In her Wednesday keynote address for the 18th Annual Barbara Jordan Forum at the LBJ School of Public Affairs, Harvard Law professor Lani Guinier said America must work together to protect current voting rights in the same way civil rights workers convinced President Lyndon Johnson to sign the Voting Rights Act of 1964.
LBJ School dean Robert Hutchings said in a press release that the presence of Guinier, a prominent civil rights lawyer, is especially timely because the school is celebrating the 50th anniversary of the Voting Rights Act this spring.
Guinier said she thinks citizens of the U.S. should consider how similar Western democracies handle voting issues rather than simply comparing different states’ voting policies.
“We really need to embarrass the United States in its claim that [it is] the world’s most important, significant and honorable democracy, when we have such a small percentage of our population participating in any election,” Guinier said in regard to new voter ID laws that critics have called unnecessarily restrictive. “We have in many ways abdicated our commitment to democracy in the name of democracy.”
Guinier said maintaining civil rights accomplishments of the past, such as the Voting Rights Act, will require continued cooperation not only to ensure progress but also to avoid worsening issues of the past by assuming they are no longer problems.

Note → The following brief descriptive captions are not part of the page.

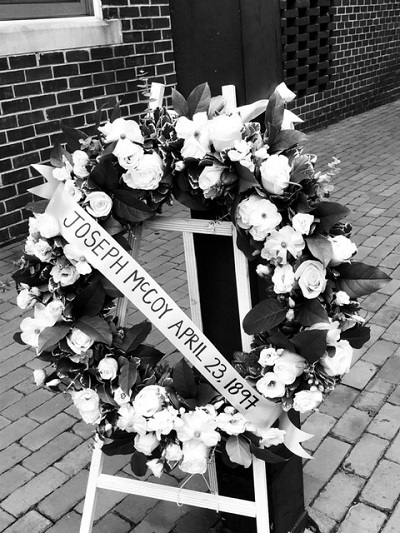 Wreath in memory of Joseph McCoy, lynched in 1897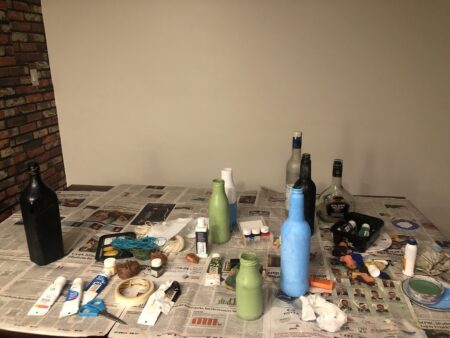 Art supplies and bottles arranged on a table covered with newspapers.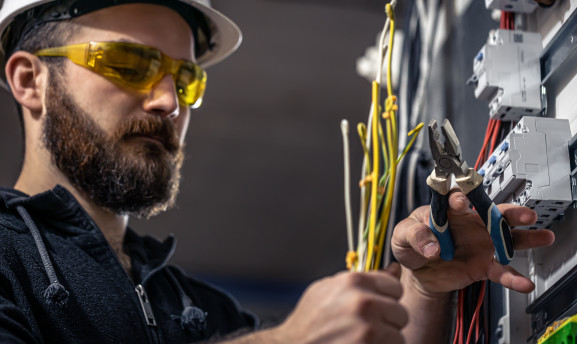 An electrician working on an electronic switchboard with pliers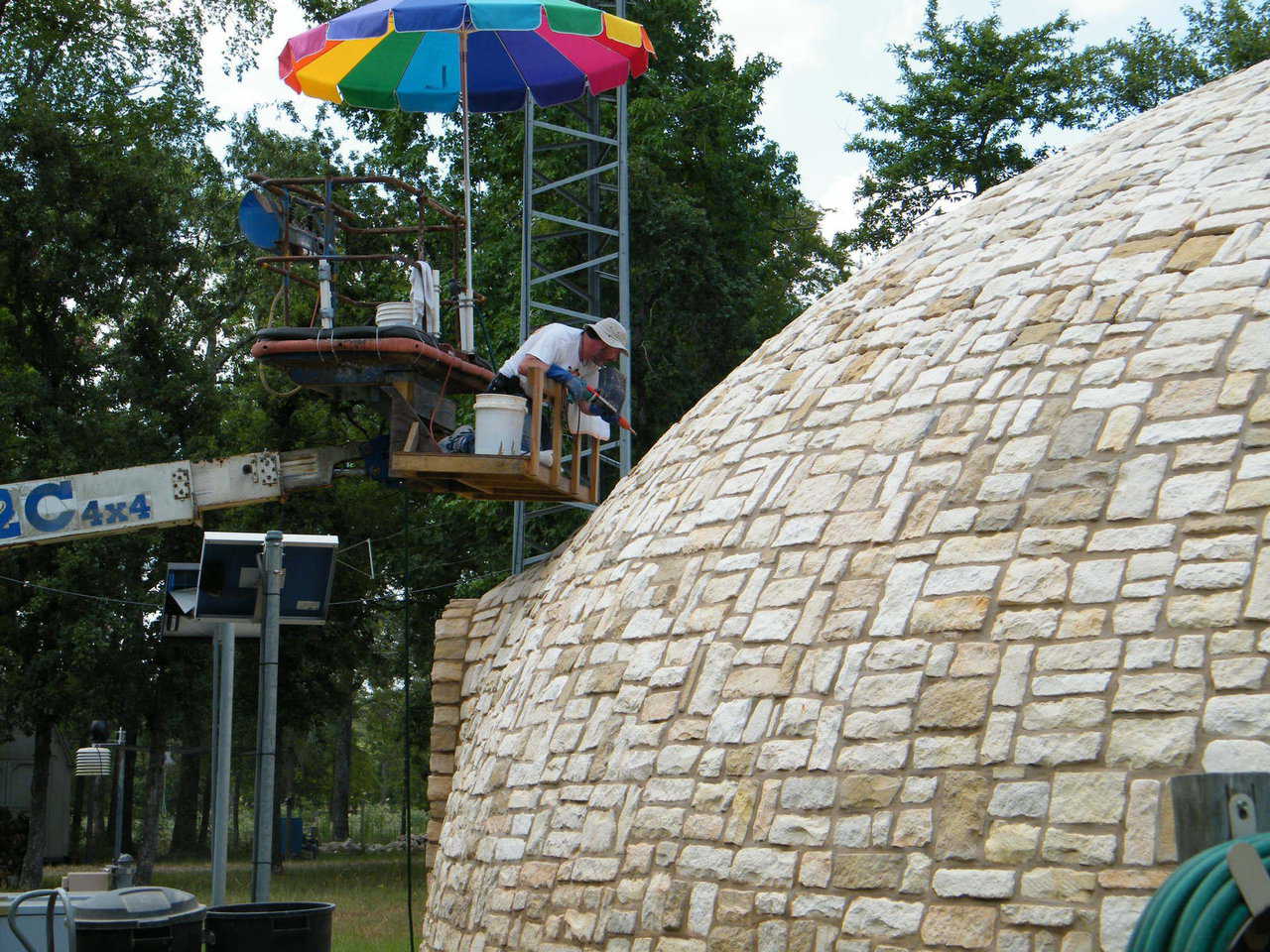 Getting up there! – To stone the very top of the dome, the Tassells used a manlift, loaned to them by Amy and Bob Brooks. 
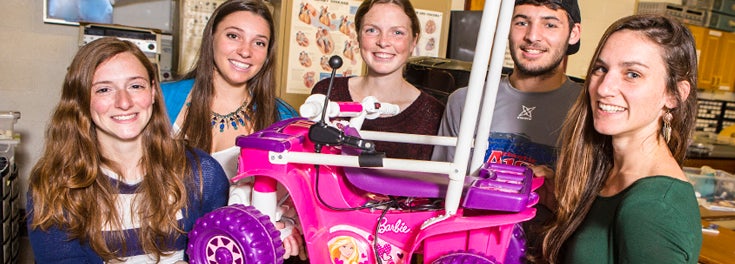 Students and the motorized car they designed for kids with limited movement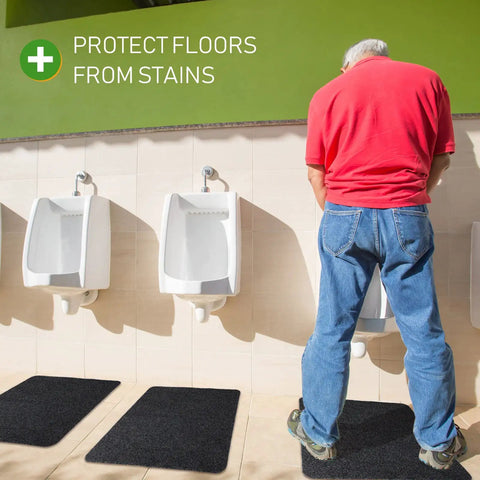 Non Slip Urinal Mats For Men 12 Pack Water Absorbent Bathroom Floor Pads Black 17.3 By 22 Inches in use beneath urinals.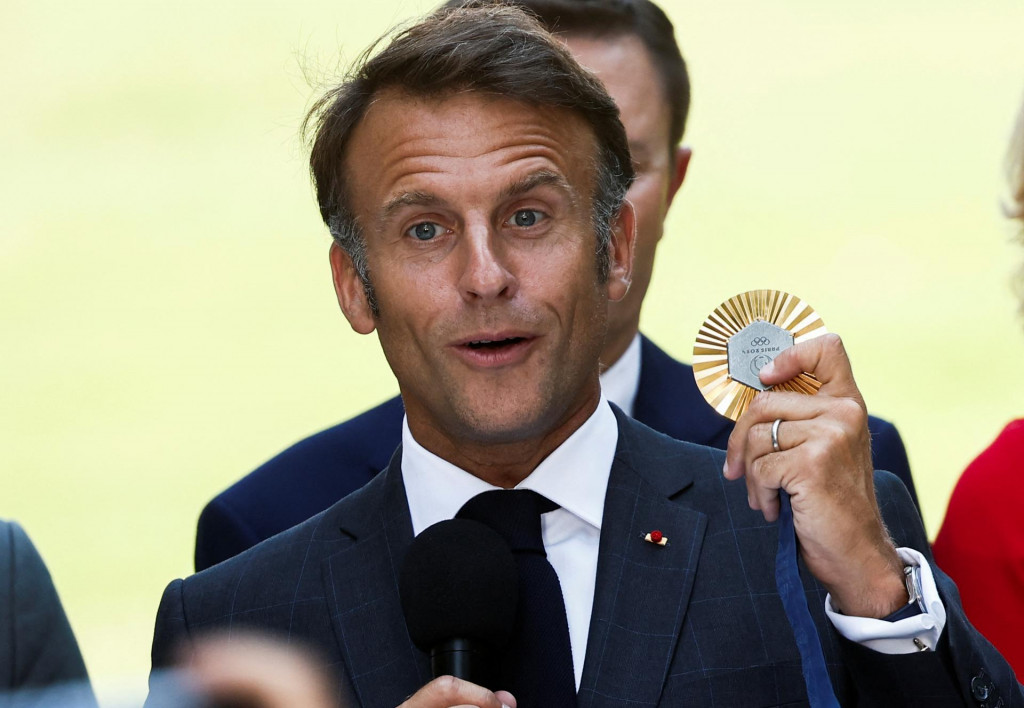 Francúzsky prezident Emmanuel Macron drží olympijskú medailu. FOTO: REUTERS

“What was new to me was [not only] how she brought up the past and where we were but also how far we still have to go,” said Judith Mitchell, a former social worker at the Counseling and Mental Health Center.
Mitchell said it’s still hard to have an open and frank discussion about diversity, even within a progressive setting such as the University.

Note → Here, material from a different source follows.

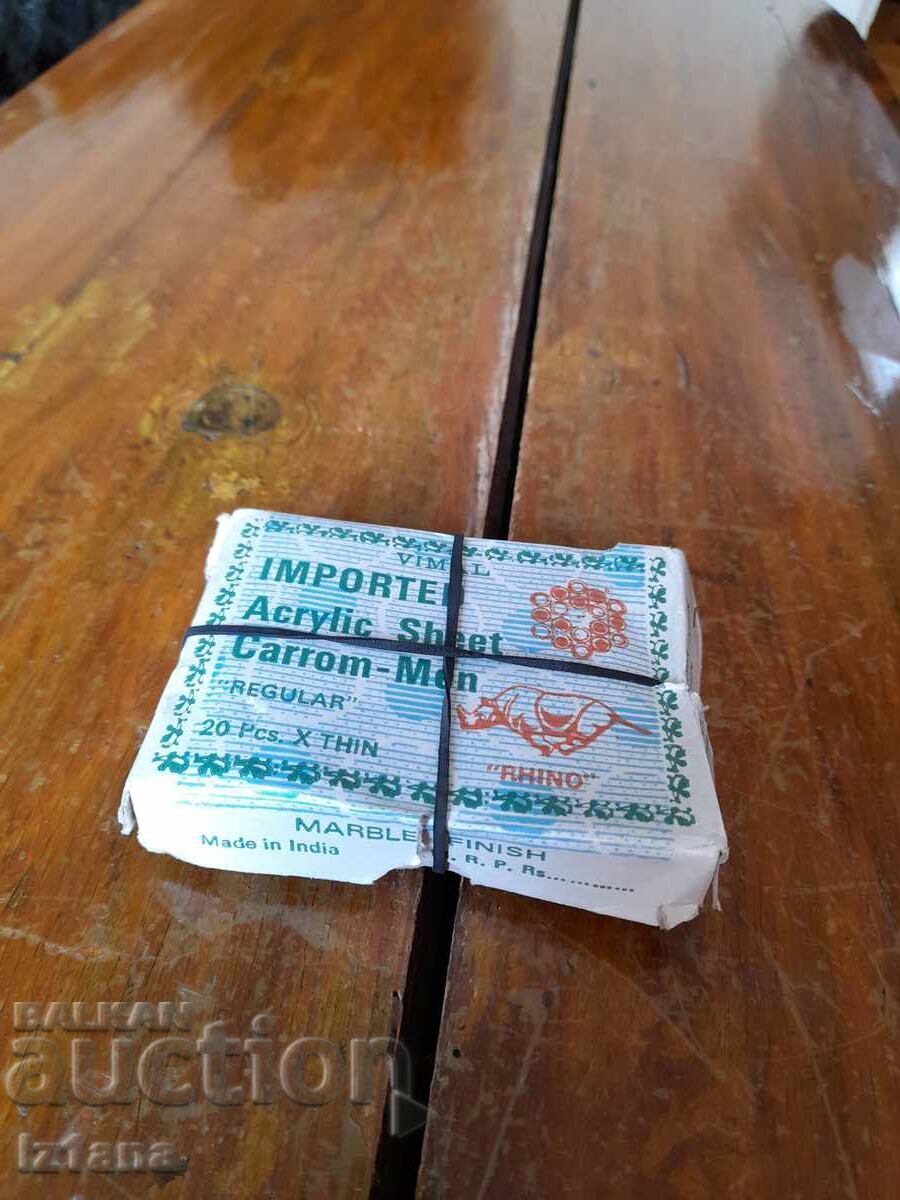 An old game of Carrom Men An old game of Carrom Men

Guinier said we should model current efforts to advance civil rights after the leadership style of Nelson Mandela.
“Nelson Mandela said that you really need to think about leadership the way a shepherd leads a flock,” Guinier said. “The shepherd does not stand in front of the flock and say, ‘Hey, follow me.’ The shepherd identifies one or two individual sheep who are moving in the right direction and then corrals the rest of the flock to follow the leader.”
Bea Ann Smith, a law professor, former judge of the Texas Court of Appeals, Third District, and longtime friend of Barbara Jordan, said she loved Guinier’s speech because the issues of diversity and voter ID laws are problems that require cooperative solutions.
“I thought her idea about leading from behind seems very appropriate right now,” Smith said. “Collaboration and consensual leadership instead of authoritative leadership is much more effective.”